Философ вводит в характеристику высшего знания еще один момент, в интересующем нас аспекте наиболее важный, а именно его вечность. По мысли Боэция, высшее знание, заключенное в разуме бога, — это всегда настоящее, причем не временное и относительное, а настоящее, в котором прошлое и будущее слиты в неразрывном единстве настолько, что в привычном смысле они совсем перестают существовать. Вся полнота преемственности временнх явлений всегда присутствует в простоте высшего знания. Таким образом, высшее знание не есть в строгом понимании предвидение будущего (ибо последнее для него не существует), но содержит в себе постижение всех возможных свободных актов, которые для него настоящи постоянно, а во времени лишь должны будут обрести существование.

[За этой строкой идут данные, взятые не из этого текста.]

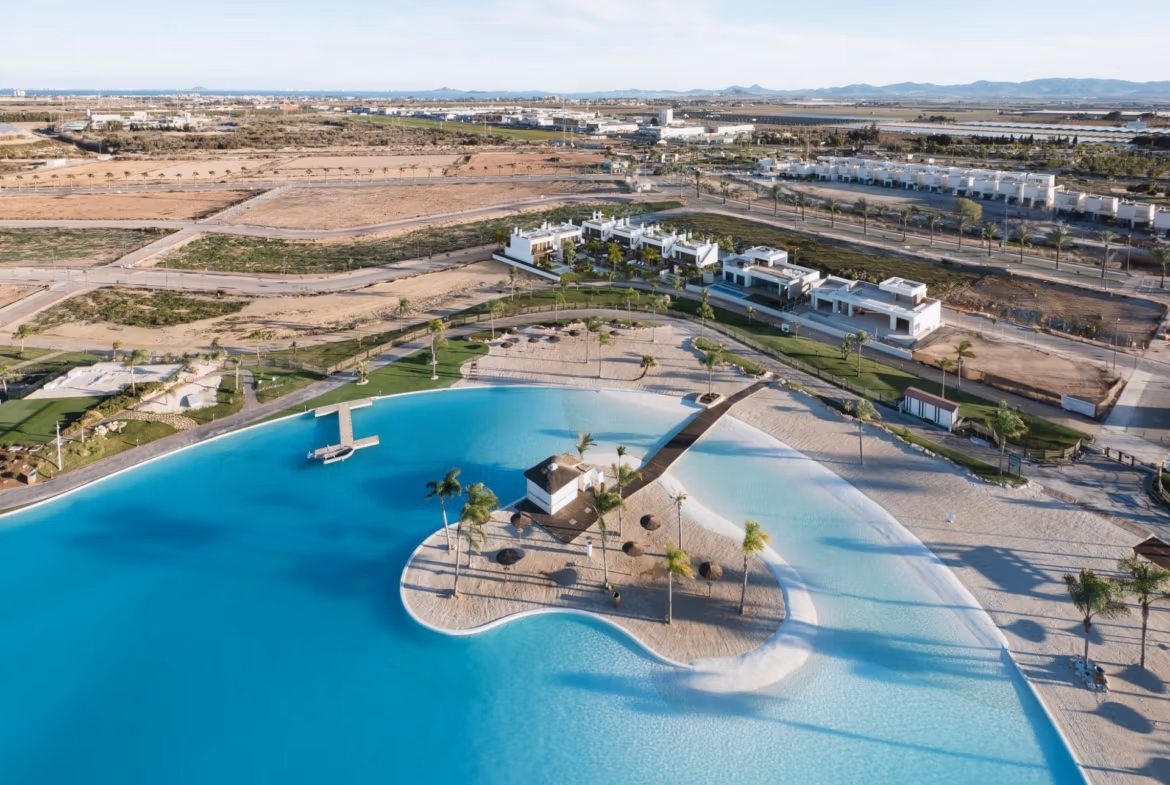 Modern-villas-at-Santa-Rosalia-Lake-and-Life-Resort-a-new-standard-in-Mediterranean-luxury-2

То, что всегда наличествует в разуме бога, имеет там свою необходимость, но совершенно не обладает такой необходимостью появления во времени. Вследствие этого если бог предполагает существование чего-либо, то в рамках его знания это что-либо окажется необходимым, но ведь для высшего разума нет будущего, и то, что зависит от свободного выбора человека, уже является реальным бытием. Нетрудно увидеть в этой проблематике отражение патриотических дискуссий и особенно поисков Августина. Но тем интереснее предложенное Боэцием решение, выявляющее отличие его теизма от христианства. Бог, полагает он, содержит в своем разуме все акты свободной воли, но сохраняет за человеком право выбора. Свободное и независимое осуществление выбора не противоречит божественному предузнанию — провидению, которое «устанавливает образ всех вещей и ничего не заимствует из порождаемого»[143]. Высший разум охватывает всю переменчивость человеческих желаний в их совокупности, для него они все существуют всегда, человек же может поступать согласно своим побуждениям; следовательно, свобода воли существует. Так как человек может осуществлять свободный выбор, вполне справедливо, что он должен отвечать за свои поступки, но ответственность эта не перед высшим разумом, а прежде всего перед самим собой.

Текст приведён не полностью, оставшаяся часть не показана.